Sunday, July 27, 2008

Tennis Results This Weekend.

I played in the men’s 5.0 bracket this year. There were only 8 players in the bracket, so the first match happened to be the quarterfinal match. My results:

Quarters: played a guy from Houston that outsmarted me. He had a consistent but returnable serve which I got back about 90% of the time. He came in after just about every stroke (serve, return), etc. In the first set we played it pretty straight and I won with one break, mainly because I had more firepower than my opponent.

In the second set, my opponent realized that his strategy wasn’t working too well so he slowed down the game on me. He took most of the pace off the ball and focused on hitting deeper but slower, and occasionally throwing in some moonballs. That was taking me deeper into the court, and since he’s approach the net after aforementioned balls, I had fewer angles to pass him and he had more time to see what I was doing with the ball because I was so far back. I certainly had my chances in the second set, though, and let myself get down instead of executing passing shots. I can’t even tell you how many bad lobs I hit in the second set, but it was at least ten. We went to a tiebreak (they were ordering Komen tiebreakers in lieu of third sets since it was over 100 degrees outside) and I played horrendously there, and that was it.

Consolation Semis: played another guy from Houston. Friends of mine that play League ball in Houston had been looking forward to this match (although they thought it would be in the main draw). The guy had solid strokes but simply didn’t execute anything. He hit a handful of winners but many unforced errors. I spent most of the match hanging out while he self-destructed (just being honest). In the second set I was up 5-1 and he decided to rattle off a bunch of winners (like I said, he was playing sporadic tennis).

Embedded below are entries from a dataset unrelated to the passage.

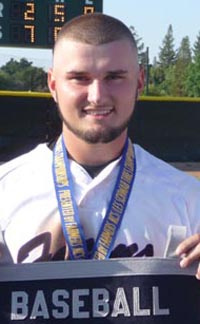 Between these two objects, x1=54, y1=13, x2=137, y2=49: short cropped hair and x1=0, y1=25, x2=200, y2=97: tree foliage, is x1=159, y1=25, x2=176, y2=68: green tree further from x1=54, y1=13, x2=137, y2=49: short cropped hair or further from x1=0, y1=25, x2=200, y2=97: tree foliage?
x1=54, y1=13, x2=137, y2=49: short cropped hair

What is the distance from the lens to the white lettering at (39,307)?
2.67 metres

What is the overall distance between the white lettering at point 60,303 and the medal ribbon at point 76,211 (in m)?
0.11

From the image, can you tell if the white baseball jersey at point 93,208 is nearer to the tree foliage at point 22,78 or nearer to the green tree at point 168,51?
the tree foliage at point 22,78

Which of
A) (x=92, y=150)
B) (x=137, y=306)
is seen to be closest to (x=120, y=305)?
(x=137, y=306)

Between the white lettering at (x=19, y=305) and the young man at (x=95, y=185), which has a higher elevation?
the young man at (x=95, y=185)

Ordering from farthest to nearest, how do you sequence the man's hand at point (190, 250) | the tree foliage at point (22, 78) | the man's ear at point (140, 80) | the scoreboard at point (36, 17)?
1. the tree foliage at point (22, 78)
2. the scoreboard at point (36, 17)
3. the man's ear at point (140, 80)
4. the man's hand at point (190, 250)

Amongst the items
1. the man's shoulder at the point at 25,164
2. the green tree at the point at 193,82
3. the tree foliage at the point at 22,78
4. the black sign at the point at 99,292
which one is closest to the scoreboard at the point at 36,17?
the man's shoulder at the point at 25,164

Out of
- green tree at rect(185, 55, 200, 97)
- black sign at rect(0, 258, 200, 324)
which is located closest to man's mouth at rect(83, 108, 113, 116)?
black sign at rect(0, 258, 200, 324)

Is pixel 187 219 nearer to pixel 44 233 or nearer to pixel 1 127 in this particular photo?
pixel 44 233

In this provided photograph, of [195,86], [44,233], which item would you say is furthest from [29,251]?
[195,86]

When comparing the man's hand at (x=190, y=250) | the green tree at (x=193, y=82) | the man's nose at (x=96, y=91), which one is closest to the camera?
Answer: the man's hand at (x=190, y=250)

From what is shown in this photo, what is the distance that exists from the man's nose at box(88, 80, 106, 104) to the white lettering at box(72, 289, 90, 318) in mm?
580

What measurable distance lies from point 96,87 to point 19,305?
70 centimetres

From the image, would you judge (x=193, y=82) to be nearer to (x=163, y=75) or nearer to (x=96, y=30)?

He even went up 30-0 on his serve before throwing in a couple more unforced errors, and I put away a couple solid shots.

Consolation Finals: I looked forward to this match because I was to play a league teammate who has rotated with me in the #1 singles spot on our team now and then. I knew that he is a serve-and-volleyer and he knew that I’m a baseliner, so it was to be an intriguing matchup, right?

Apparently when a serve-and-volleyer is red-hot it trumps the baseliner. I lost 6-2, 6-2. A friend said “when you told me that score I figured you either bombed or were dominated,” and it was the latter. Now, there were a handful of things that I could have done better (executing lobs, executing passing shots where I actually had a chance to get a piece of the bal), but my teammate was just so solid from the net that he took away a lot of angles that I normally have on a guy. He took away rallies, period. There were perhaps 4 points where I forced him to stay back with deep serves and deep groundstrokes, and I won all of those. He knew that he’d be clobbered in a baseline fight, so he simply removed that possibility, and he did so skillfully and smartly. Kudos to him for that.

Two major points to take from this match:

-I need to create a serve/volley threat; that doesn’t mean I need to serve and volley, but I at least need to do it on occasion to create an environment where the returner has to at least think a little about what he has to do to keep the ball away from me, which creates errors.

-I need to hit my second serve harder; this is more of a systemic problem that affects all my matches.

All things considered, I’m sore and didn’t have a good record this weekend, but somehow I still feel pretty good about the tournament overall. I feel like I got some good match experience that taught me some things I need to look out for in the future.